Territorio y geografía
Como compensación parcial a la derrota frente a Prusia, la Tercera República impulsó una intensa expansión colonial, construyendo el segundo mayor imperio colonial del mundo tras el británico, con posesiones en el norte y el oeste de África, Madagascar e Indochina, justificada mediante el discurso de la "misión civilizadora" defendido especialmente por Jules Ferry.
Cronología
1870: proclamación de la República tras Sedán. 1871: Comuna de París y Tratado de Fráncfort. 1875: leyes constitucionales. 1881-1882: leyes escolares de Jules Ferry. 1894-1906: caso Dreyfus. 1905: separación de Iglesia y Estado.
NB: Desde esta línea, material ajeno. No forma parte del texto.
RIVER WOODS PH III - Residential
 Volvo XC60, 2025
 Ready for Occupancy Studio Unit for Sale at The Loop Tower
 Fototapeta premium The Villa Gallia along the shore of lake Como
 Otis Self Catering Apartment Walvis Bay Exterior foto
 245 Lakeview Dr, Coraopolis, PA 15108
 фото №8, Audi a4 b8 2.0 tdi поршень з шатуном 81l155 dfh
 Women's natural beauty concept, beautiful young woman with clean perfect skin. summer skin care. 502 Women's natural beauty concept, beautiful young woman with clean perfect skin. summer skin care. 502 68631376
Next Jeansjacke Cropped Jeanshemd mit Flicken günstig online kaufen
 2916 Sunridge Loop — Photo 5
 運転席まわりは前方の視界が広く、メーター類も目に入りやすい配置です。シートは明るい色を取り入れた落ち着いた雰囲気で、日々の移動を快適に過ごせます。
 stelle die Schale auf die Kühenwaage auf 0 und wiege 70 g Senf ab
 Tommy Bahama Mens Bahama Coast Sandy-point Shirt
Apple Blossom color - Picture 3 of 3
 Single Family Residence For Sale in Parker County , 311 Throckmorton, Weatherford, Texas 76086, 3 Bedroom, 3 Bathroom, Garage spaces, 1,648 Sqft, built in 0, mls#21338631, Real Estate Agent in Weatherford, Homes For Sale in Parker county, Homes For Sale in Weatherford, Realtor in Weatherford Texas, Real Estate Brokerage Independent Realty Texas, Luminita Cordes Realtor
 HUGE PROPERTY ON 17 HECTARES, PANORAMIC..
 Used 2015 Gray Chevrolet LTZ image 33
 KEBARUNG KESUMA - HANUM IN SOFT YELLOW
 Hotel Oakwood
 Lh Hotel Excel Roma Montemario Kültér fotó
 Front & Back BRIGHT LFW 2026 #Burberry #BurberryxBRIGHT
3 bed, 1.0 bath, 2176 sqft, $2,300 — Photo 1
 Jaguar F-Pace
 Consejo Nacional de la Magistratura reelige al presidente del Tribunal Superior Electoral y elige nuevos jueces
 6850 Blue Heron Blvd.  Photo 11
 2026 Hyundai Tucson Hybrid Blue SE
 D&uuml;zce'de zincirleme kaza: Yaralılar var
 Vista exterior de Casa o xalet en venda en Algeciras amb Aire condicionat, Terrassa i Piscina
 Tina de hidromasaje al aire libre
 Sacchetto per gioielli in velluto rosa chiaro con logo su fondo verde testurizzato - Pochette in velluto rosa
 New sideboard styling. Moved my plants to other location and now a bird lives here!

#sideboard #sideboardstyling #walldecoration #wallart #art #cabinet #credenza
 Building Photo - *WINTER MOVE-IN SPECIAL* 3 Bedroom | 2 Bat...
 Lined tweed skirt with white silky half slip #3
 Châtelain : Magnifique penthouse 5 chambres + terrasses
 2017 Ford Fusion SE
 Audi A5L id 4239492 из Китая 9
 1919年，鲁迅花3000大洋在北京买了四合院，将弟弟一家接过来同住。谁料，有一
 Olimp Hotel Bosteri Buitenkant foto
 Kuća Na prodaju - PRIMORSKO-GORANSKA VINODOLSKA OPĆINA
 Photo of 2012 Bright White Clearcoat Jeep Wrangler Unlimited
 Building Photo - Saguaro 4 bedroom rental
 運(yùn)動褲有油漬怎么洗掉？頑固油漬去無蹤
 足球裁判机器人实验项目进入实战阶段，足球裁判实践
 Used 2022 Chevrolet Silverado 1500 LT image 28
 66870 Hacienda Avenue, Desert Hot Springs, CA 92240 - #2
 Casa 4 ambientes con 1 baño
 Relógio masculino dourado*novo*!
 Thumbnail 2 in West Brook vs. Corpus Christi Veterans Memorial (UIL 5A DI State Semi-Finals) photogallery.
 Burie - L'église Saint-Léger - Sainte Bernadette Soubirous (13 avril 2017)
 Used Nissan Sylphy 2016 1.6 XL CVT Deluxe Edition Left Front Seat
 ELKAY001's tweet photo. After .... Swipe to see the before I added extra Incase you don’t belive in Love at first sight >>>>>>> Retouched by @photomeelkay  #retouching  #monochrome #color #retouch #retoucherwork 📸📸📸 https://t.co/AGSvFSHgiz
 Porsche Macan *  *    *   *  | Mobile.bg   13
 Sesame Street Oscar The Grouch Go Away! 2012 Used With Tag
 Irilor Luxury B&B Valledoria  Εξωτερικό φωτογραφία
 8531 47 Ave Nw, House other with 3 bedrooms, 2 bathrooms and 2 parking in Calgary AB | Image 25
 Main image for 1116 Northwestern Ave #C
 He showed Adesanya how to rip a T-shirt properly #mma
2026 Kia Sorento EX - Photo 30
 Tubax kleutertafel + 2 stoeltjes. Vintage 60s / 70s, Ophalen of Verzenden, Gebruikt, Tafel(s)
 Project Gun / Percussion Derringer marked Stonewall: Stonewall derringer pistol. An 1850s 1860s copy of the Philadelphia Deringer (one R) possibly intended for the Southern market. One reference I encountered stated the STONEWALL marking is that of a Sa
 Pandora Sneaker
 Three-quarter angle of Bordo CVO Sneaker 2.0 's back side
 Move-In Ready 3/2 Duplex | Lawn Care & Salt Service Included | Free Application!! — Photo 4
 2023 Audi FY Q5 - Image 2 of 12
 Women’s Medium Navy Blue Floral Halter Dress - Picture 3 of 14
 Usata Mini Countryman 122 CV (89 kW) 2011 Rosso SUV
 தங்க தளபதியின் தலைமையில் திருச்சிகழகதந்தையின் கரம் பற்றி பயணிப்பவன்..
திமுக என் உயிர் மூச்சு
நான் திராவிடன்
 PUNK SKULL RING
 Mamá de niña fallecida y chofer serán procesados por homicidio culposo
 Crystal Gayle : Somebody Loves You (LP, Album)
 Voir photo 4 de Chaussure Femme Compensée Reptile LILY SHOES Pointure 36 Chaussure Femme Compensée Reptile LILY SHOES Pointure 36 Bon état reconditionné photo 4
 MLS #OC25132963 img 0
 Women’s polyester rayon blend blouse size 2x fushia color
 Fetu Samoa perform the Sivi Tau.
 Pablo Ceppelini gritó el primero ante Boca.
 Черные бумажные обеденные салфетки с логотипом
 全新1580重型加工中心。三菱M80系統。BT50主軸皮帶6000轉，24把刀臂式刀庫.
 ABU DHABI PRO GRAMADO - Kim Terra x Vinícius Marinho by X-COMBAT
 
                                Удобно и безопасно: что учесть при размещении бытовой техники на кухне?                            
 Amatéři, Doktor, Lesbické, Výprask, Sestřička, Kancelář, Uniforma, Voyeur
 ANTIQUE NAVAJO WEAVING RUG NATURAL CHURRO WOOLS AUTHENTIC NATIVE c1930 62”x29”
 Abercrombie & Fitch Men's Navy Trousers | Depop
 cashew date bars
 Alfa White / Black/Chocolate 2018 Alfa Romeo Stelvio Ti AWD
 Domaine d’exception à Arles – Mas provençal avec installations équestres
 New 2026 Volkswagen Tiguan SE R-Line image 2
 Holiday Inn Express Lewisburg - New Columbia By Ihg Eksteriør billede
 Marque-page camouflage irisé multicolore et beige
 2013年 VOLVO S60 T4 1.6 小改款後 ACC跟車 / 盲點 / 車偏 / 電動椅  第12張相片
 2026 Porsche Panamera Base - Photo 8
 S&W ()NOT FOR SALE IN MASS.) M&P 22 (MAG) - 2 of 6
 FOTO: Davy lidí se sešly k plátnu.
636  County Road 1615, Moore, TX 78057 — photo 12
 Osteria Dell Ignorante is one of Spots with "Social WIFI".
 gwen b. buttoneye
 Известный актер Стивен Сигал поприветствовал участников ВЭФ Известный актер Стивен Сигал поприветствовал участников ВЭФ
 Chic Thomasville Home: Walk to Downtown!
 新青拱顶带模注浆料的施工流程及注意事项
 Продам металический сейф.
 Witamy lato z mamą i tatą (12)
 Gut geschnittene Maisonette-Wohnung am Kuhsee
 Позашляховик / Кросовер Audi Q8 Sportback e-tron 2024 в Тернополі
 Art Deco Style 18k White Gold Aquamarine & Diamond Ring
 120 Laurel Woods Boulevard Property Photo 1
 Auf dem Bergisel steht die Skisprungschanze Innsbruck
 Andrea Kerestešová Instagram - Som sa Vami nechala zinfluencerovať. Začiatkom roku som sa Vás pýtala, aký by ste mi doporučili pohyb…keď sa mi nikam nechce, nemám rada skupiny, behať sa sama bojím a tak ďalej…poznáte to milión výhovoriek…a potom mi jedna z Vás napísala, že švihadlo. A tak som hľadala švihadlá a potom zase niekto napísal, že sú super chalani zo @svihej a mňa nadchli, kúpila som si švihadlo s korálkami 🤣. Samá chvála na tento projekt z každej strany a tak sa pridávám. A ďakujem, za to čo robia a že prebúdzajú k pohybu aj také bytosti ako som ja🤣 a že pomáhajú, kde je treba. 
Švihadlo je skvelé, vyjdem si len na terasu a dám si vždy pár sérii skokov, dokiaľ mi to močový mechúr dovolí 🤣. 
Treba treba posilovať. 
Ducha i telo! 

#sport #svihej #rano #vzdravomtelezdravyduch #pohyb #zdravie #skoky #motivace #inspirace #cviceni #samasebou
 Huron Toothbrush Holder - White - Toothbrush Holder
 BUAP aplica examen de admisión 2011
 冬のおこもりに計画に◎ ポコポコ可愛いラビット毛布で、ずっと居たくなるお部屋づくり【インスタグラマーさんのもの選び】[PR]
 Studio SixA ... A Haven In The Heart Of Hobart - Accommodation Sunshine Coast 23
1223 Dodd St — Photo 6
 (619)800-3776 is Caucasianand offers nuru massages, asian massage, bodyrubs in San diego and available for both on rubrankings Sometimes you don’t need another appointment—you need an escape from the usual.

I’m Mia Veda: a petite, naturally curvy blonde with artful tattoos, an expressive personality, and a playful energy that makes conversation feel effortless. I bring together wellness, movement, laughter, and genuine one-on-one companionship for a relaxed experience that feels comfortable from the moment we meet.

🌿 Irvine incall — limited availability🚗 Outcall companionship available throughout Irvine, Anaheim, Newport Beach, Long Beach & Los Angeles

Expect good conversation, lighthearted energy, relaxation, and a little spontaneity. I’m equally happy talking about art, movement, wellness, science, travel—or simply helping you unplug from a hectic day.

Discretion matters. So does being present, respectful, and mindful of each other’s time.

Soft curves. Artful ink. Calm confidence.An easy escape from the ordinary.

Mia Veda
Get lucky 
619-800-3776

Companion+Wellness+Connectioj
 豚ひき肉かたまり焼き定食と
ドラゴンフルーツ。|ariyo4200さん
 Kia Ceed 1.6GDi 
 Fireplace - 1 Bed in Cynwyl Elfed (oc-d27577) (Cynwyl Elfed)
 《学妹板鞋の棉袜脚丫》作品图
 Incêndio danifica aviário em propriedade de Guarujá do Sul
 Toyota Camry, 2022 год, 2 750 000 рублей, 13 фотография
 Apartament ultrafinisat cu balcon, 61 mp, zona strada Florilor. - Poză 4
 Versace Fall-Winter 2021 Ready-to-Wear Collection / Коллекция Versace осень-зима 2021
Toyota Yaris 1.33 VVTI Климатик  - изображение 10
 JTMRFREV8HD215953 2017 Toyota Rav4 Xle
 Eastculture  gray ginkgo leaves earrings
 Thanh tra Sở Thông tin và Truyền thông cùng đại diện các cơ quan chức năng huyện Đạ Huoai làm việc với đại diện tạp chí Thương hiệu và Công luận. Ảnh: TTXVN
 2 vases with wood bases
Su historia posterior a la Primera Guerra Mundial, incluida su caída en 1940, se aborda en el periodo de entreguerras.
Causas
La Tercera República surgió de la derrota francesa frente a Prusia y sus aliados alemanes en 1870, que provocó la caída de Napoleón III. La experiencia de la Comuna de París, el temor al retorno de una monarquía y la necesidad de reconstruir las instituciones favorecieron finalmente la consolidación republicana.
Sociedad
El régimen impulsó reformas sociales y educativas de gran calado, entre ellas las leyes de educación pública, gratuita, obligatoria y laica de Jules Ferry (1881-1882) y la ley de separación de la Iglesia y el Estado de 1905, que consolidaron un modelo republicano y laico de sociedad frente a la influencia tradicional de la Iglesia católica.
Política y poder
Pese a nacer entre la derrota militar y la guerra civil, la República se consolidó institucionalmente mediante las leyes constitucionales de 1875, que establecieron un régimen parlamentario con presidente, un Senado y una Cámara de Diputados elegida por sufragio universal masculino. Atravesó una notable inestabilidad ministerial y crisis políticas como el caso Dreyfus (1894-1906), que enfrentó a sectores republicanos, laicos y militares-católicos en torno a un caso de espionaje y antisemitismo.
Economía
La industrialización francesa avanzó de forma más lenta y diversificada que la británica o la alemana, apoyada en la minería del carbón y el hierro en el norte y el este, la industria textil, y un desarrollo bancario y financiero notable, aunque el país conservó hasta bien entrado el siglo XX un peso relativamente mayor de la agricultura y la pequeña propiedad que sus principales rivales industriales.
Guerras y conflictos
Francia participó en la expansión colonial de finales del siglo XIX y, desde 1914, combatió en la Primera Guerra Mundial. La República movilizó enormes recursos humanos e industriales para sostener el frente occidental. En 1940 la invasión alemana provocó el colapso militar del régimen y el establecimiento del Estado francés de Vichy en parte del territorio.
Ciencia y tecnología
La República vivió importantes avances científicos y técnicos, desde la expansión de la electricidad y el automóvil hasta la aviación, la telefonía y la medicina moderna. Louis Pasteur contribuyó a transformar la ciencia y la salud pública, mientras París se convirtió en uno de los grandes centros científicos y culturales de Europa.
Personajes históricos
Entre sus figuras más importantes destacan Léon Gambetta, símbolo de la defensa republicana durante la guerra de 1870-1871; Jules Ferry, impulsor de la educación pública y de la expansión colonial; Georges Clemenceau, primer ministro durante la fase final de la Primera Guerra Mundial; y Raymond Poincaré, presidente durante una parte decisiva de la guerra y la posguerra.
Consecuencias
La Tercera República consolidó la tradición republicana francesa, extendió la educación pública y laica y fortaleció las instituciones parlamentarias. La polarización política y finalmente la derrota de 1940 condujeron a su desaparición y a la instauración del régimen de Vichy.
Legado y transición
La Tercera República dejó instituciones y símbolos que ayudaron a convertir el republicanismo en la forma política dominante de la Francia contemporánea. Su sistema educativo, laicismo, tradición parlamentaria y cultura cívica sobrevivieron a su caída y fueron recuperados por las repúblicas posteriores.